Los demócratas arrastran un problema: sus bases. Su militancia, como ocurre en España con el PSOE actual, se ha escorado a la izquierda y al culto a las minorías. Les falta un discurso ecuménico que apele a las grandes clases medias y trabajadoras. Para evitar caer en manos de un candidato socialista imposible para Estados Unidos, como el inefable Bernie Sanders, han tenido que pillar lo único que han encontrado a mano: el tranquilo y razonable, pero vaguete y fatigadísimo (78 años) Joe Biden, un apparatchik profesional, senador ¡desde1973!

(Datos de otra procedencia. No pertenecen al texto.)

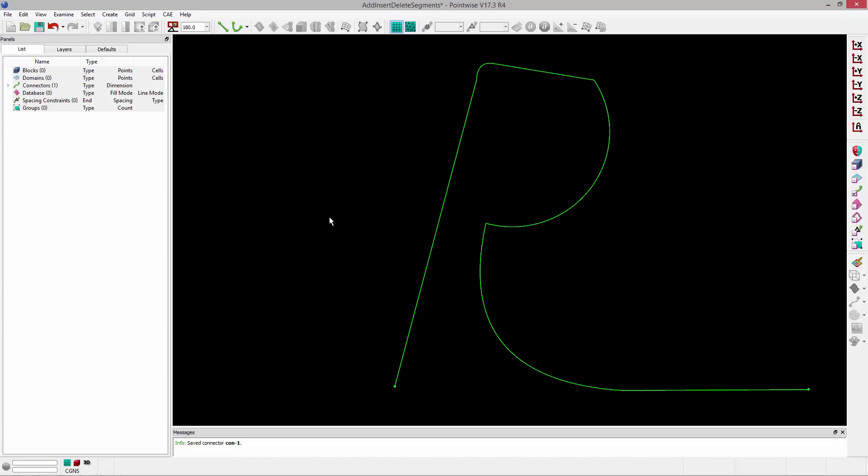That's how you can go ahead and edit a curve. Thank you, and have a pleasant Tuesday.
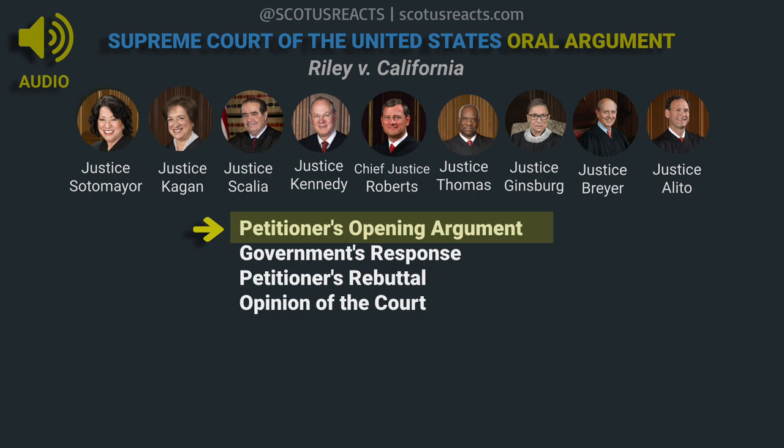The difference is digital information versus physical items. Physical items at the scene can pose a safety threat and have destruction possibilities that aren't present with digital evidence. Once you get into the digital world, you have the framers' concern of general warrants and writs of assistance. I think Robinson establishes a categorical rule that obviates these difficult case-by-case determinations. You could make an argument if it were a diary case or a billfold case. But the Court wisely decided under Robinson that we need a categorical rule that's easily administrable in the field.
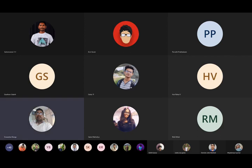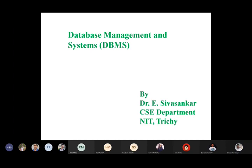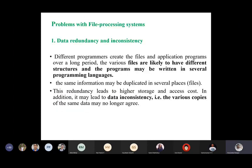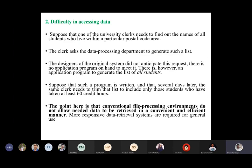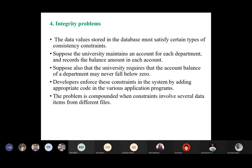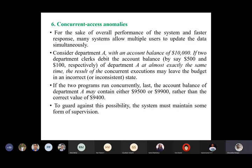In today's class, we will study data abstraction — specifically the three-schema architecture of a database, covering the physical schema, logical schema, and view level. The physical schema deals with how data is internally stored in the database.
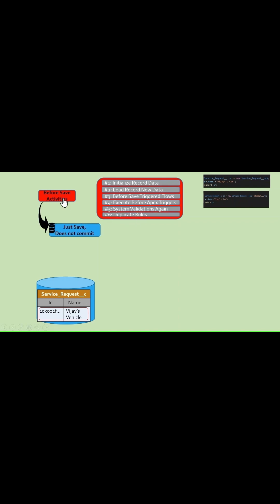Then we have the save step where Salesforce saves the data into the database but does not commit to the database. It only saves it, so this updated data is only visible within this transaction.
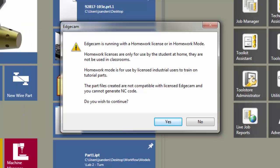Files that you create in homework mode cannot be opened in commercial Edgecam software, although you can save them and continue to open them in homework mode and use them there.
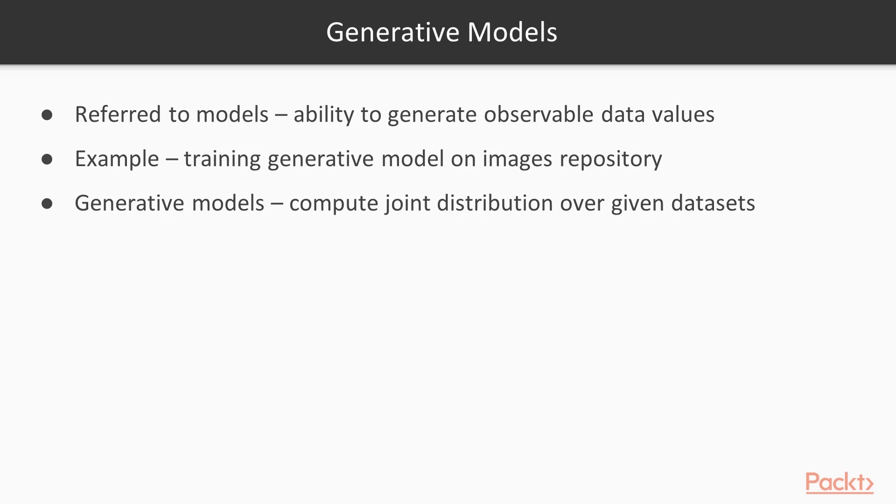Generative models in machine learning domains are referred to as models that have an ability to generate observable data values. For example, training a generative model on images repository to generate new images like it. All generative models aim to compute the joint distribution over given datasets, either implicitly or explicitly.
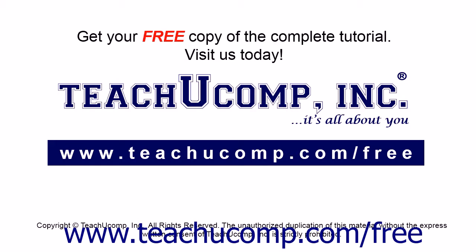Get your free copy of the complete tutorial at www.teachucomp.com forward slash free.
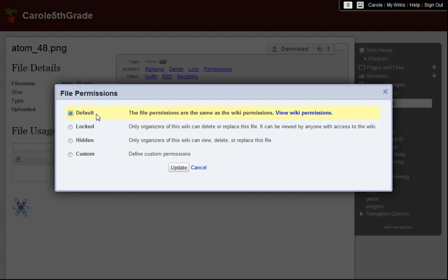My second option for File Permissions is Locked. This means that while my file will be visible to anyone with access to the wiki, only organizers will be able to delete it or replace it with a new file of the same name.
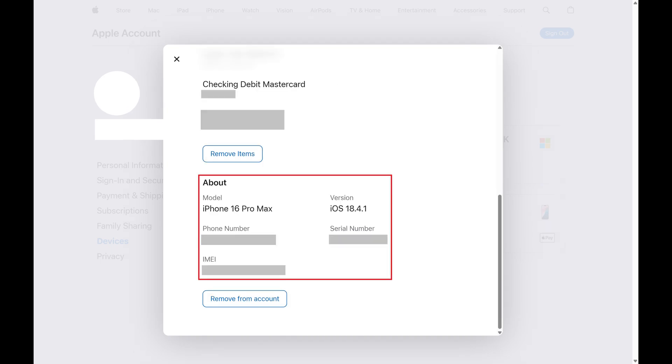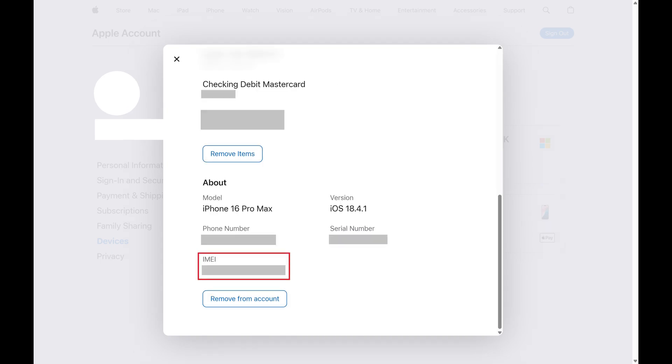Step 4: Scroll down this menu to the About section. Your iPhone IMEI number is shown in the IMEI field.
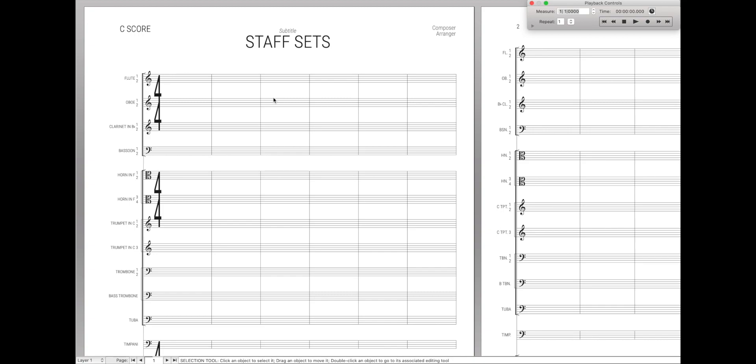Hello, super users. It's really good to come back and record videos for you. Today we're going to start out with staff sets.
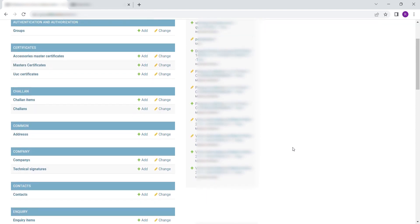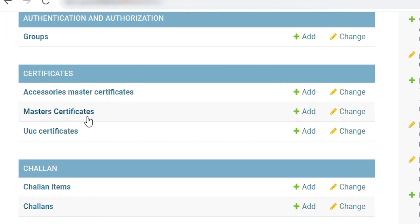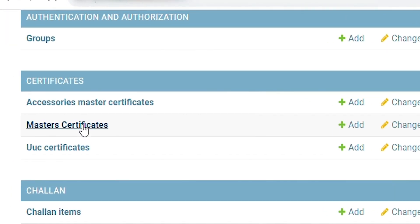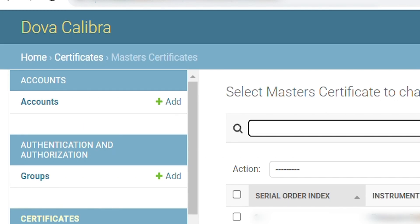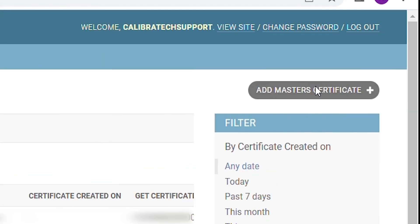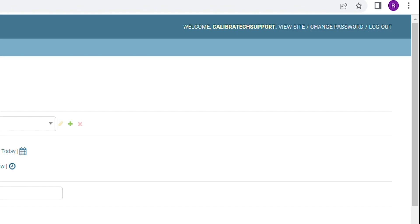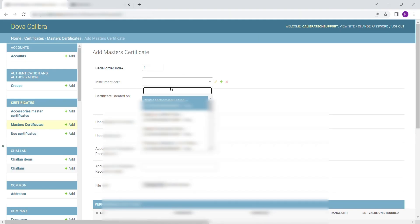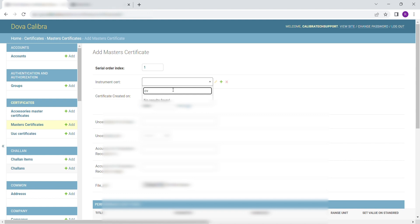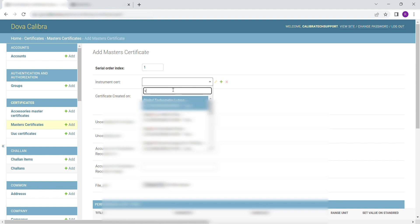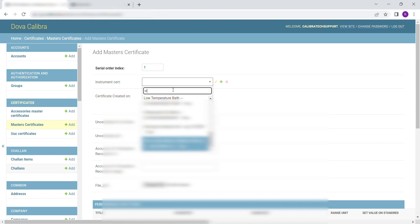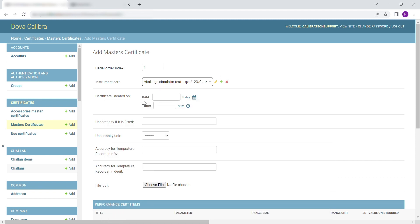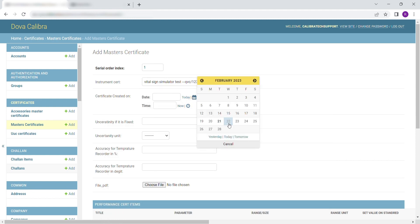To enter Master Instrument Certificate, scroll down to Certificates. Select Master Certificates. Then click on Add Master Certificate. Fill in the following details, like Serial Order Index. Enter the Instrument Certificate details and Date Details.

La mala salud y el porte acartonado de Biden, su falta de ideas y su discurso pesimista han salido al rescate del otro septuagenario de esta liza, Trump, que incluso tras haber pasado por el covid hasta parecía enérgico y optimista a su lado. En la campaña, Trump ha vuelto a prometer que hará «grande a América otra vez» (en realidad no lo ha hecho: pregunten en Detroit dónde están las fábricas que iban a retornar...). Biden, por su parte, ha optado por el sangre, sudor y lágrimas, alertando de que llegan tiempos muy difíciles con el zarandeo de la epidemia. A los votantes siempre les cuesta elegir la depresión...
Tal vez no sepamos el resultado definitivo hasta el viernes. O incluso todo podría acabar más tarde, decidiéndose en tribunales, como el duelo George Bush-Al Gore de 2000. Pero hay algo que sí sabemos: Trump no estaba acabado, aunque en Europa nunca quisimos saberlo.